To my new class at INTO: you will never have a better chance to become really, really good at English.  Most of you are Chinese, and I understand how easy it is for you to stick together.  However, there are lots of people at INTO and other colleges in Manchester who are not from China, and they would love to make friends with you. Don't miss this chance to really broaden your horizons.

Have a great weekend :-)

Thursday, 5 July 2012

Back to where it all started...

The photo above is of St Johann im Pongau, the village in Austria where I spent the third year of my German degree as an English assistant working in two schools.  

Last week while I was in Munich the weather was unbearably hot for this poor Brit used to Manchester weather, so we hired a blissfully air-conditioned car and drove down into Austria (or up into the Alps) to revisit the place where my teaching career began.  I'd not been back for 28 years, so it was quite an emotional day.

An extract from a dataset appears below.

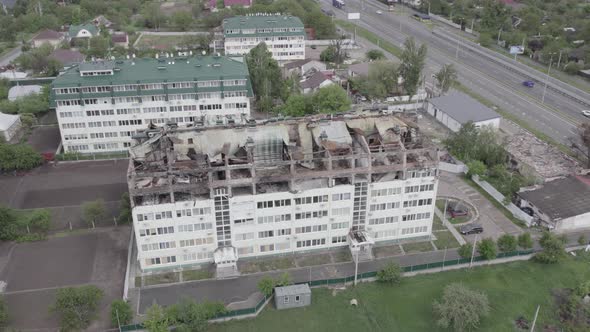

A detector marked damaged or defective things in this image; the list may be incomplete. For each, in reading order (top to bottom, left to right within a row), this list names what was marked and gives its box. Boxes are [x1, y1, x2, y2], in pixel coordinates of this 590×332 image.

burned structure [130, 113, 442, 274]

Since my very first day at primary school, all I ever wanted to be was a teacher.  I couldn't imagine anything more wonderful than being able to spend all my time helping people to learn new things.  At secondary school I loved German best of all my school subjects, and I was extra ordinarily lucky to have two of the most amazing teachers for German - Mrs Burras somehow had me convinced that learning German grammar was the best fun it was possible to have, and Mrs Irving re-awoke my love for literature that had been killed off by having to read Shakespeare at the age of 11. It was a foregone conclusion that I would choose to study German at university, and my only plan was to go on to be a school teacher.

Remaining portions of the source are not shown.